Seriously? The oak dissolves? Any time I've used oak powder it swells up and turns into a pastie slurry mixed together with the yeast. I'm just following the directions in the kit.


----------



## robie (Dec 21, 2012)

Geronimo said:


> Seriously? The oak dissolves? Any time I've used oak powder it swells up and turns into a pastie slurry mixed together with the yeast. I'm just following the directions in the kit.



I think that is what Joe meant; though swollen, it is so fine it becomes just another component of the stuff that settlers to the bottom. So pasty that it doesn't easily get sucked up in the racking tube; at least not anymore than the dead yeast.

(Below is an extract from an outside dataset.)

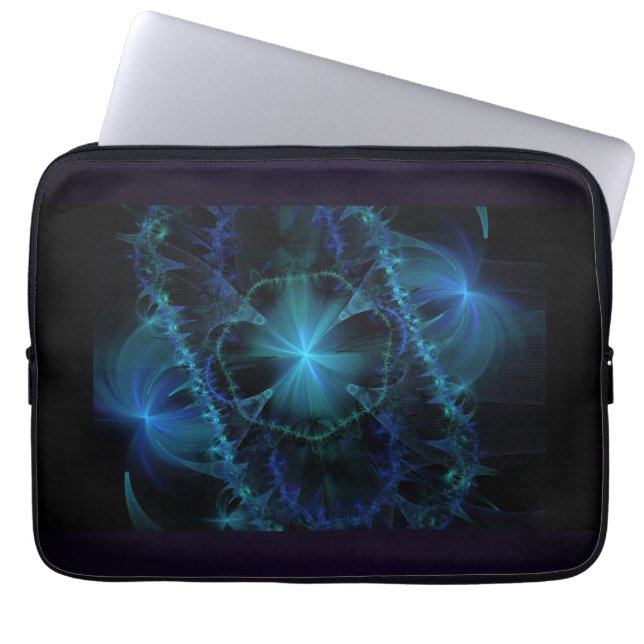 Blauer Fraktalraum Laptopschutzhülle (Vorderseite)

Very different than oak shavings that easily stops up the racking tube.


----------



## joeswine (Dec 21, 2012)

*Powdered oak*

 Okay, we get some feedback. Excellent, LD Carlson wine tannin powder, balances low tannin wines and AIDS Clarification, 1/4 teaspoon per US gallon .for white and rosé wine must per US gallon . 1 tablespoon per US gallon for for wine red wines. 
 I do not know what you use before but this is a fact, using this product, place it and let it settle out or place it and stur it in it will settle out, i it will compact most of, itwill dissolve into the wine it is designed to do that. 
 Anyways, back in this thread I discussed the differences between the use of oak chips and powder and how they enhance the wine in their own medium if you combine the two and do it correctly not only will you get the Woody taste where the tannic acid backside of the wine develops combining that with the powdered side . You also get a much smoother more uniform , rounded textured wine .
N

I have a Pinot Noir started this fall from , Italy . I placed 6 tablespoons a powdered oak into it, you cannot see, it's really not on the bottom, it is within . Maybe some of it will settle out but most of it will be dissolve in the wine . That is the nature of the beast . . And if you notice in my writing I use more than call for . O
A


----------



## joeswine (Dec 21, 2012)

*Liquid oak*

 Okay, how many have used liquid oak? Brewers best has oak essence, which comes in a 4 ounce bottle is roughly $4.99, LD Carlson puts out liquid wine can do the same thing as the powder comes in a 4 ounce bottle for 299 I have tried these additives, have you?, there is a world producst out there for us to use you just have to be willing to experiment, trial and error . See works best for you.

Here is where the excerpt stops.